|
|
 |
ANDREW
FINKEL
19 April 2009, Sunday |
Turkey and Europe: Shifting
out of second gear
As with yesterday's champagne,
the fizz in Turkey's EU application has certainly gone flat.
Who is responsible for this lack of oomph, and who can bring
back the sparkle?
It takes two, of course, to negotiate,
and the most commonly asked question is whether the Turkish
negotiating team is pushing against a door which still has
the security chain firmly attached. At the same time, Ankara
itself comes under frequent criticism for appearing to lack
the will to overcome obstacles and to only engage with a long
agenda of reform when it has run out of excuses to resist.
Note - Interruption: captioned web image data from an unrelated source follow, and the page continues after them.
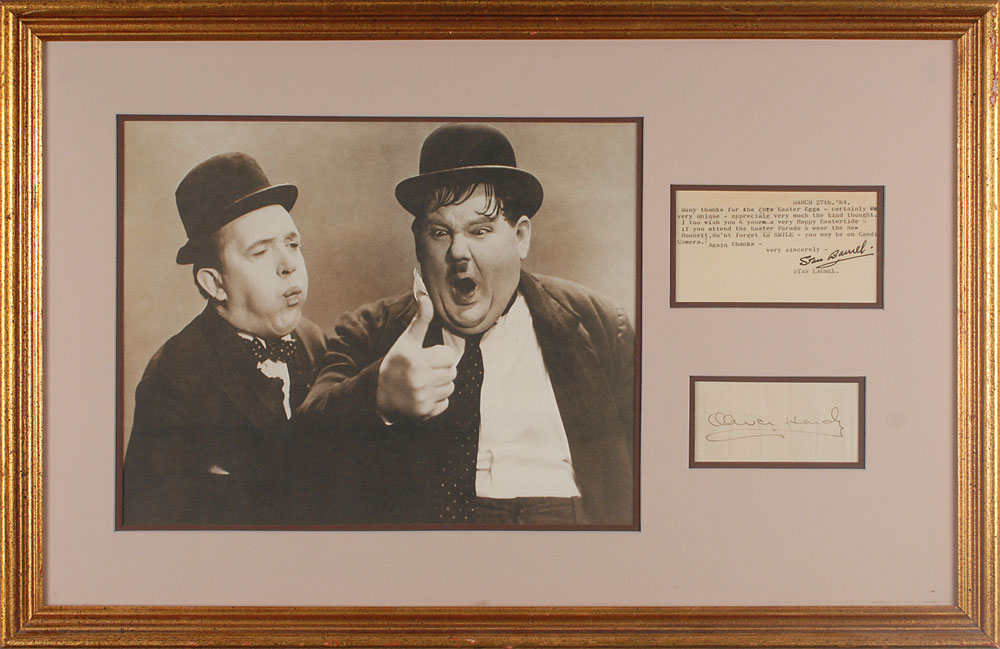 Lot #1061 Laurel and Hardy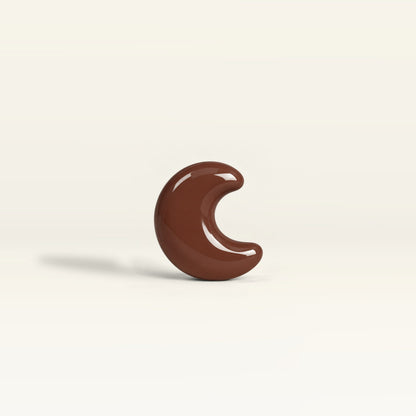 Moon – handcrafted ceramic decor in Deep chocolate brown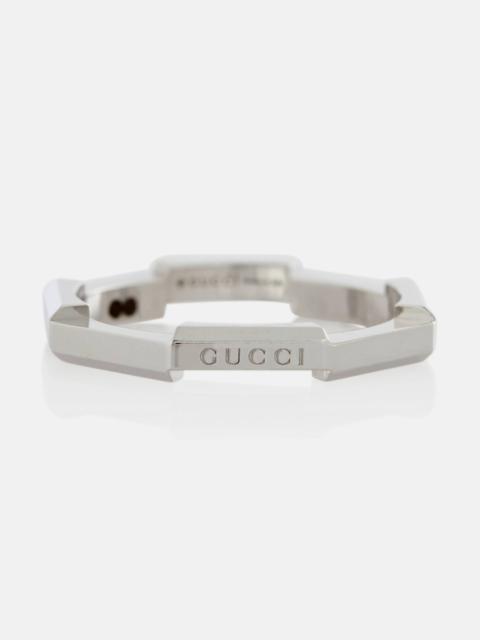 GUCCI Link To Love 18kt white gold ring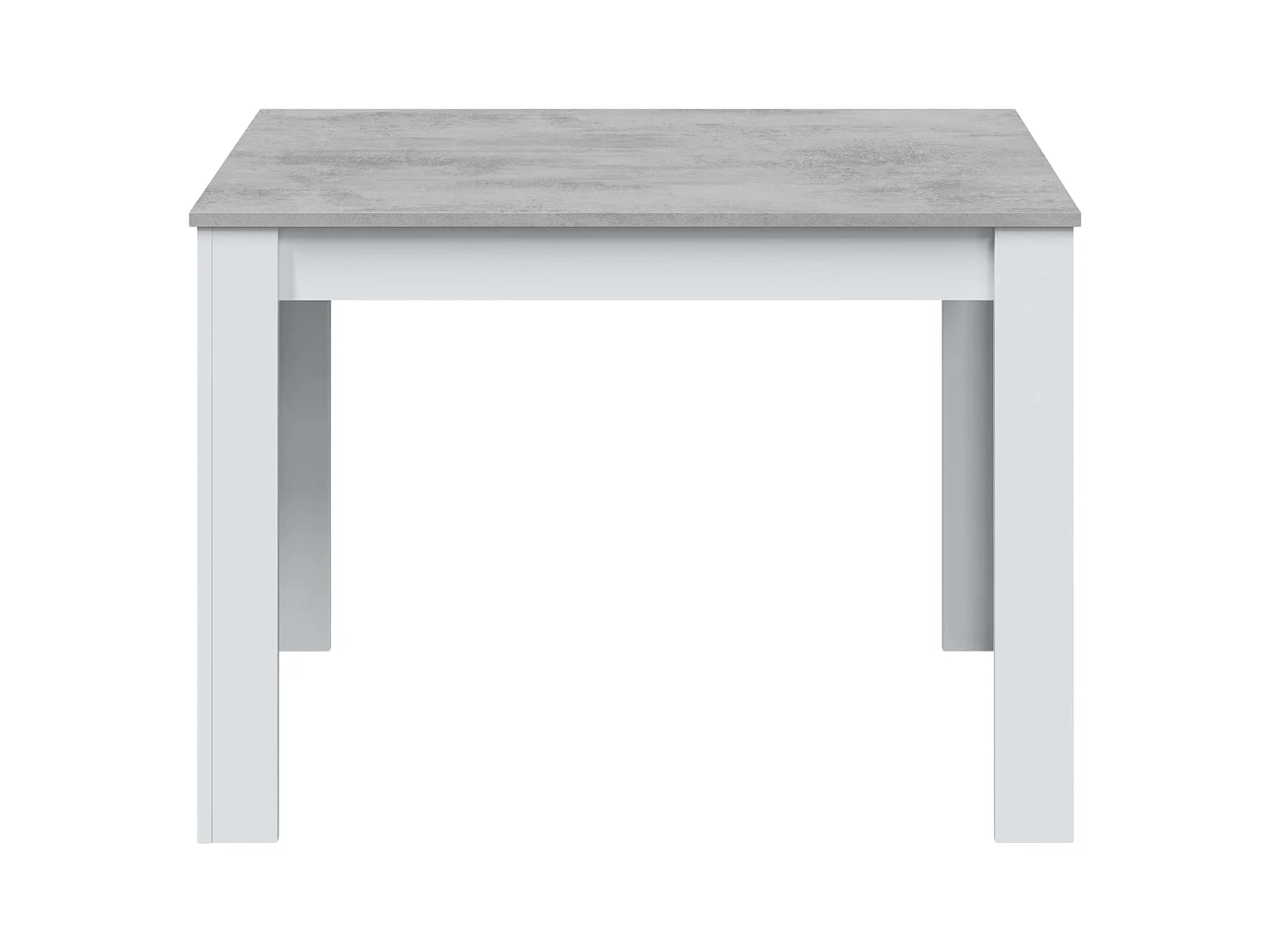 Mesa de comedor Cloe Blanco - Cemento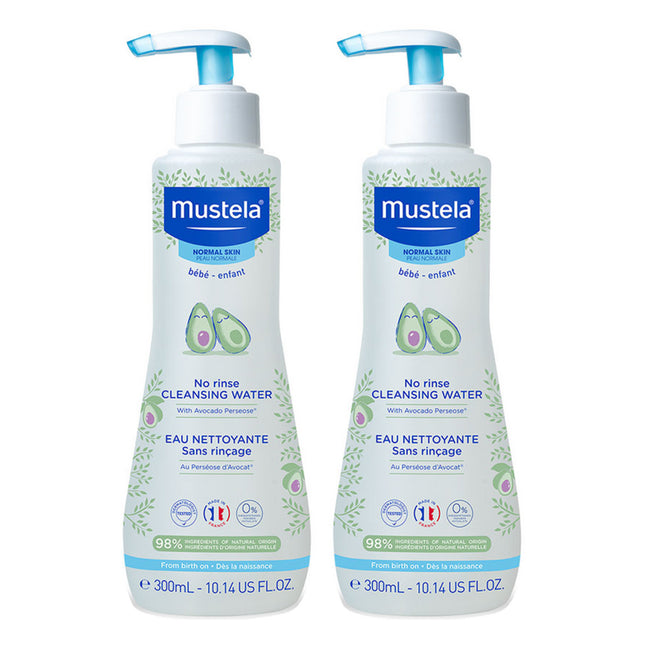 MUSTELA  No-Rinse Cleansing Water, 300ml, 2 Count
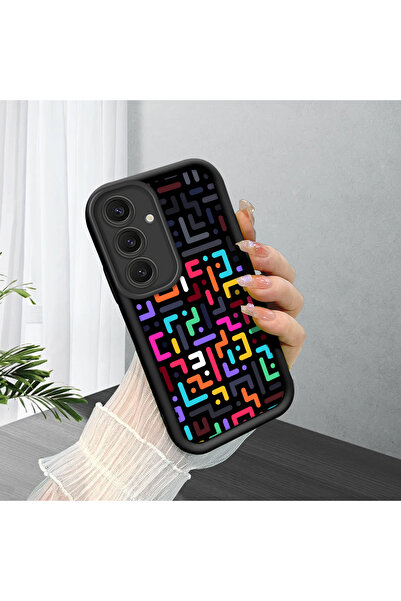 ucuc حافظة سامسونج جالاكسي إس 24 بلس المتوافقة مع السيليكون الأسود ذات النمط ...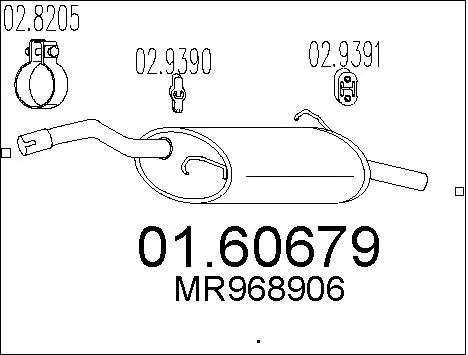 Rear Muffler (01.60679)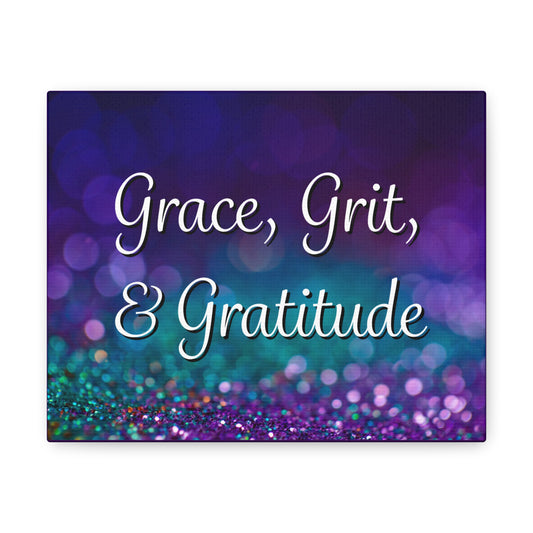 Canvas Gallery Wraps - Grace, Grit, and Gratitude
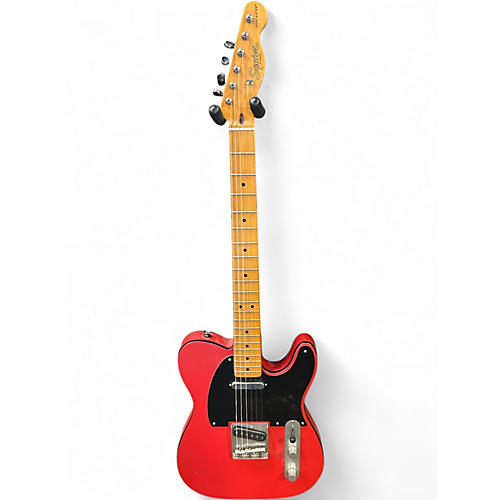 Used 2022 Squier  40th anniversary telecaster red Solid Body Electric Guitar red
The question is whether this resistance is the result of a
lack of conviction on the part of the government -- that its
enthusiasm to kick-start negotiations in 2004 and 2005 has
not been matched by a commitment to see those negotiations
succeed. An alternative explanation is that the government
would like the negotiations to rumble along but lacks the
political courage to explain its pro-European stance to a
skeptical electorate over the heckling of a Euro-skeptical
opposition.
There is third explanation, recently put forward by columnist
Hüseyin Sümer in this paper's Turkish language sister
publication, Zaman, that is not so much the government that
is dragging its feet but the government bureaucracy in general
and its EU secretariat-general in particular. "How can
those whose own faith in Europe has been destroyed hope to
take Turkey into Europe?" he asks and cites an unsourced
email which he purports to have come from these bureaucrats
which attacks the prime minister for signing a harmonization
package back in 2003 that puts Turkey squarely under the EU's
thumb.
Mr. Sümer's column points to a rift within government
departments, but not perhaps in the way he intended. The curious
thing is that the anonymous email he quotes contains the very
public remarks of the leader of the ultranationalist party,
Devlet Bahçeli, made three years ago.
|
This is scant evidence
with which to blacken the name of a whole government department.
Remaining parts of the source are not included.